10 Ocak 1921'de düşman yine saldırıya devam etti.
Güneydeki birliklerimiz düşmanın şiddetli topçu ateşiyle yaptığı saldırılara
karşı koymuşlar ve düşmanı bir hayli hırpalamışlardı. Kuzey kısmı ise üstün
düşman kuvvetleri karşısında biraz geri çekilmek zorunda kalmışlardı.
10-11 Ocak 1921 gecesi fazla kayıp vermiş ve çok
hırpalanmış olan düşman, daha fazla ilerlemeğe cesaret edemeyerek Bursa
istikametinde geri çekildi. Üstün düşman kuvvetlerine karşı yapılan bu savunma
çok çetin koşullar altında geçmiştir. Fakat iyi idare edilen, Türk subay ve
erlerinin fedakârlığı sayesinde İnönü Zaferi kazanılmıştır. Albay İsmet,
Birinci İnönü Savaşında gösterdiği başarıdan dolayı generalliğe
yükseltilmiştir.
Birinci İnönü zaferi millî ordunun ve millî
egemenliğin iç ve dışta ününü artırmış, Mîllî Mücadele heyecanını
kamçılamıştır.
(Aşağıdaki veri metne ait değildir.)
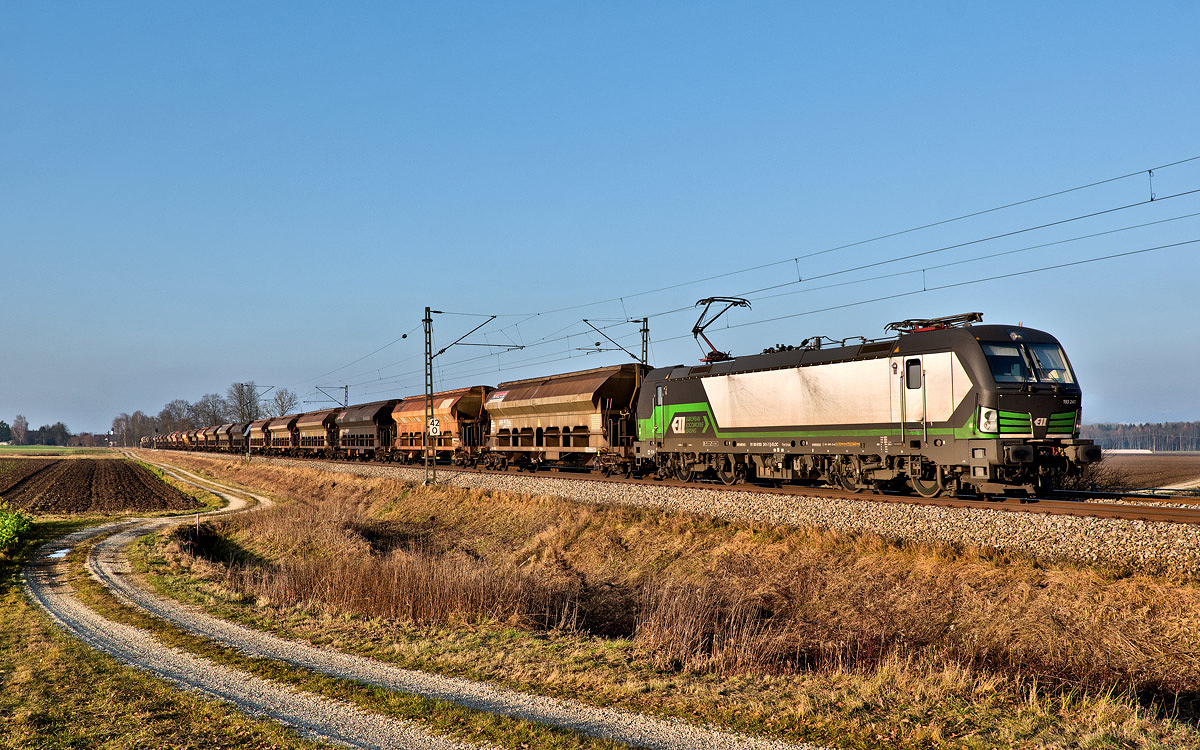 Die 193 241 fährt in Langenisarhofen mit einem Düngerzug vorbei.Bild 7.12.2017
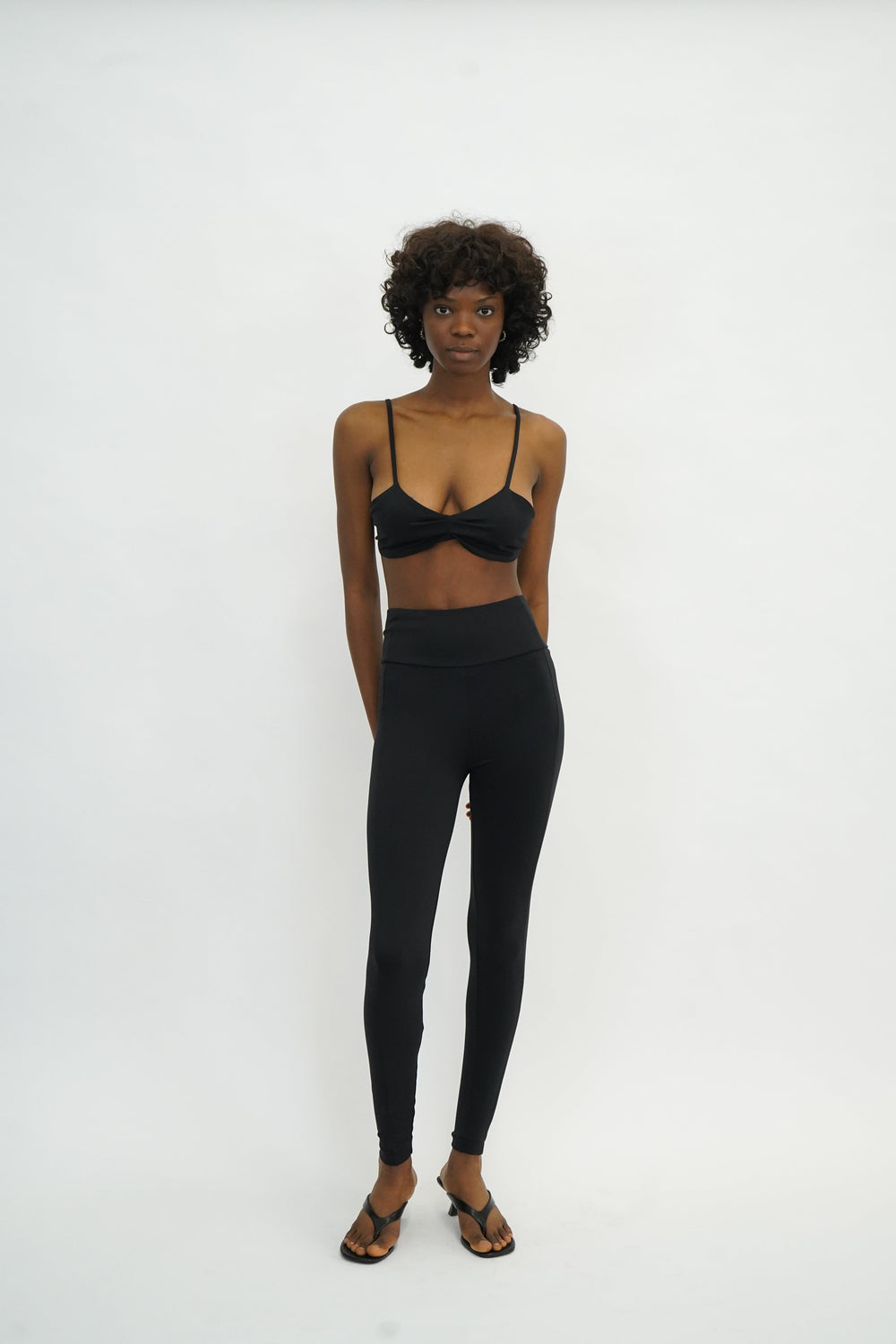 MIU TOP IN BLACK TOP IRO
Türk Milletini bir amaç etrafında birleştirerek millî birliği
kuvvetlendirmiştir.
4-İkinci
İnönü Savaşı (23 Mart-1 Nisan 1921)
Bu savaş, Türk İstiklâl Savaşının ikinci önemli
meydan savaşıdır. Birinci İnönü Savaşında yenilerek geri çekilen Yunanlılar,
Türk Ordusunun kuvvetlenmesine meydan vermemek için saldırıya geçtiler.
Yunan ordusu Bursa ve Uşak'ta olmak üzere iki grup
halinde idi. Türk ordusu Batı Cephesiyle, Güney Cephesi ve Kocaeli Grubuna
ayrılmıştı. Batı Cephesindeki kuvvetler Yenişehir, İnegöl hattıyla İnönü
mevziine yerleşmişlerdi. Batı cephesindeki kuvvetlerimiz İsmet Paşa'nın
kumandasında idi. Kocaeli Grupu Kurmay Başkanlığı emrinde bulunuyordu. Güney
Cephesi kuvvetleri ise Afyon civarında toplanmıştı.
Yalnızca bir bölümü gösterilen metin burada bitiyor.